(Stored items)
◇ ◇ ◇ ◇
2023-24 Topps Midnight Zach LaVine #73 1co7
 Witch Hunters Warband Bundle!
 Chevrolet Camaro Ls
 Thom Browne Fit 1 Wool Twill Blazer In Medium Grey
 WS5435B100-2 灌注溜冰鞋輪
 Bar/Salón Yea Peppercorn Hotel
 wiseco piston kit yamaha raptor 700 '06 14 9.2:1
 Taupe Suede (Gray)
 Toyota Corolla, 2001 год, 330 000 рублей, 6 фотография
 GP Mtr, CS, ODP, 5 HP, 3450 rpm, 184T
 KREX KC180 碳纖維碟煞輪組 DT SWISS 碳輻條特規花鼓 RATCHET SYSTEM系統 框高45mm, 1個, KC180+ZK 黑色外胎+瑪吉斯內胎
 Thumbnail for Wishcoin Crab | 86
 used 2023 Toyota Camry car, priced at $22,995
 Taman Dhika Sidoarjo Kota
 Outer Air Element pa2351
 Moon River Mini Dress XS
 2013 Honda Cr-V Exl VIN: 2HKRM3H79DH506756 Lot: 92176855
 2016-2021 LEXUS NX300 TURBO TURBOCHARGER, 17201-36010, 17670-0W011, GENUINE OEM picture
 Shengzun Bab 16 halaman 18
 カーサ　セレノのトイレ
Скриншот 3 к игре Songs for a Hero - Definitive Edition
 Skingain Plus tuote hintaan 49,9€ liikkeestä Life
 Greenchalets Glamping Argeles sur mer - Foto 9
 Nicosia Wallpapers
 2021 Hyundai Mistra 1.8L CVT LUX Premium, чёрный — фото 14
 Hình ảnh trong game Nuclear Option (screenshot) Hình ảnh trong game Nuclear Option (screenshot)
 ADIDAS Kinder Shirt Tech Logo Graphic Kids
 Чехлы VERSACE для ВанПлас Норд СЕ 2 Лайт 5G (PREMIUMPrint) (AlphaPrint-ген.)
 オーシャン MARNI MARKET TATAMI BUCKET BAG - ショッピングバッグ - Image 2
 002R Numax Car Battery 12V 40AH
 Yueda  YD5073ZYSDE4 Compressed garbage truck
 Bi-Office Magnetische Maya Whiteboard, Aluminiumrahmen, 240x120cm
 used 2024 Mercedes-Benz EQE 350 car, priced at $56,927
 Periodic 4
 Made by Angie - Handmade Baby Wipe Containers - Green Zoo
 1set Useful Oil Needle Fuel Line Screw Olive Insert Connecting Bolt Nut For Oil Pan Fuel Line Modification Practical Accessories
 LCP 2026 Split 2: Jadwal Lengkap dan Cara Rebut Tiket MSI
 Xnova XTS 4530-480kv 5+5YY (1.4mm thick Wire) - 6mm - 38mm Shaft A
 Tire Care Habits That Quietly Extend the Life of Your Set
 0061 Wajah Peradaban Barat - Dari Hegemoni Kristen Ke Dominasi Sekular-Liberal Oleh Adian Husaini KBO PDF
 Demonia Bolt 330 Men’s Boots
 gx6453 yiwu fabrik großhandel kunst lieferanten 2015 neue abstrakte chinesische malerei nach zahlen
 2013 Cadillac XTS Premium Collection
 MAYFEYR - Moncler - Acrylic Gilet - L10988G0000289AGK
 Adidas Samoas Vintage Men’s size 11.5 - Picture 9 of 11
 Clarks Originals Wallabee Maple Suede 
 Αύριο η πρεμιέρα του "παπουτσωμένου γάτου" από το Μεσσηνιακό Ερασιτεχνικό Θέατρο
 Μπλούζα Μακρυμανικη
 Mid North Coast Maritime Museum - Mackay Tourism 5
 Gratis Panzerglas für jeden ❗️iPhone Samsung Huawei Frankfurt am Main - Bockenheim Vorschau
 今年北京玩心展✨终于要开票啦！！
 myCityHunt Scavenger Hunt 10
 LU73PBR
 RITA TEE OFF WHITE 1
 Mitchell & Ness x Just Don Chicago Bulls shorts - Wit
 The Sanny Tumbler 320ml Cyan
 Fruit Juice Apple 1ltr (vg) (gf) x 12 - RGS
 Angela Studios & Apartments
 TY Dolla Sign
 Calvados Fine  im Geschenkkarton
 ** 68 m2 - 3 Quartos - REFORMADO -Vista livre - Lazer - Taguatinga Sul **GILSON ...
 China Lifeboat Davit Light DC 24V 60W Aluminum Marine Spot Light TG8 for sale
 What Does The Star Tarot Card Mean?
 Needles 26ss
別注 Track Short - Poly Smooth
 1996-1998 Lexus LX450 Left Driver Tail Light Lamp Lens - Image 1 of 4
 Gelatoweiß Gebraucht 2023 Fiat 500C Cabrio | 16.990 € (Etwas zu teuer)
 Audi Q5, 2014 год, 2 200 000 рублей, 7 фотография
◇ ◇ ◇ ◇
Lines holding the word "used" in the entries above are the ones to pull out. Copy them all.

◆ EXERCISE RESULT ◆
 used 2023 Toyota Camry car, priced at $22,995
 used 2024 Mercedes-Benz EQE 350 car, priced at $56,927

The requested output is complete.